Kimmel Cancer Center immunology and bone marrow transplant expert Ivan Borrello has developed a novel personalized cancer treatment approach called adoptive T cell therapy using the patients’ own immune cells to fight their cancer. This approach uses cells from the bone marrow known as marrow infiltrating lymphocytes, or MILs.
T cells are the foot soldiers of the immune system, and MILs are a type of tumor-specific T cell, a small subset of immune cells that recognize cancer cells. In cancers of the blood, MILs are found in the bone marrow where the cancer originates. In this new approach, our scientists retrieve patients’ own MILs from their bone marrow, expand their numbers and coat the cells with immune-activating antibodies in a special Cell Therapy Lab at Johns Hopkins, and then infuse them back into the patient’s bloodstream where they seek out and destroy cancer cells.
Borrello is using MILs therapy to treat patients with an incurable cancer of the blood plasma cells known as multiple myeloma. In a first-of-its-kind clinical trial of the therapy, 22 patients with newly diagnosed or recurrent multiple myeloma received the therapy. Following standard treatment for multiple myeloma—high-dose chemotherapy to destroy the diseased bone marrow—and a stem cell transplant to repopulate the marrow with normal blood and immune cells, patients were given their own MILs.

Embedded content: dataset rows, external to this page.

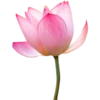 Flowers 2 11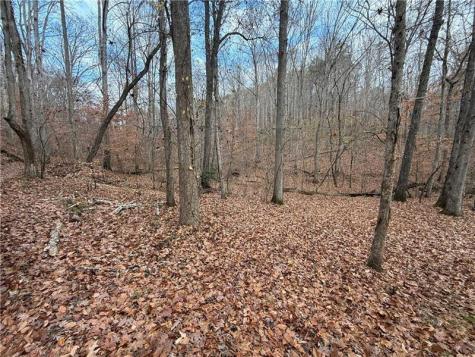 0 Falling Pines Road Dahlonega GA 30533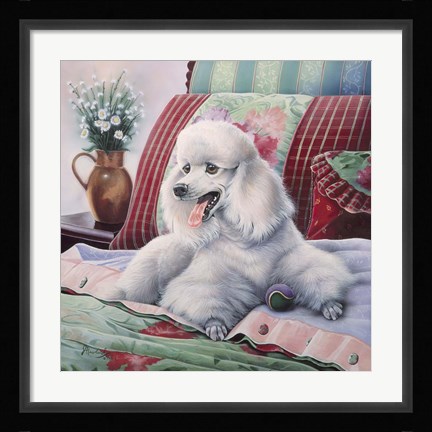 Framed White Poodle Print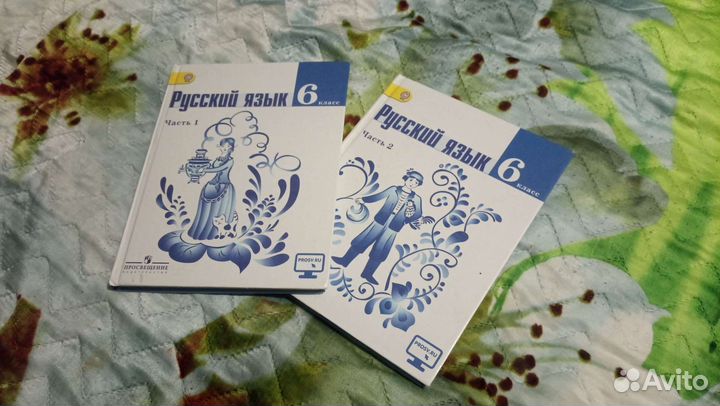 Русский язык 6 класс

One year after MILs therapy, 13 patients had at least a 50 percent reduction in their cancer. Their cancer remained stable for nearly a year, and overall survival was close to three years. Seven patients saw a 90 percent reduction, and their cancer has remained in check for more than six years. There were no serious side effects to the therapy. “This was a small trial, but we learned that large numbers of activated MILs can selectively target and kill myeloma cells,” says Borello.
There is currently an ongoing clinical trial targeting myeloma patients with high risk features. Borrello and team hope to determine if the approach can impact patients where standard approaches are ineffective. The trial will soon be extended to other cancer centers.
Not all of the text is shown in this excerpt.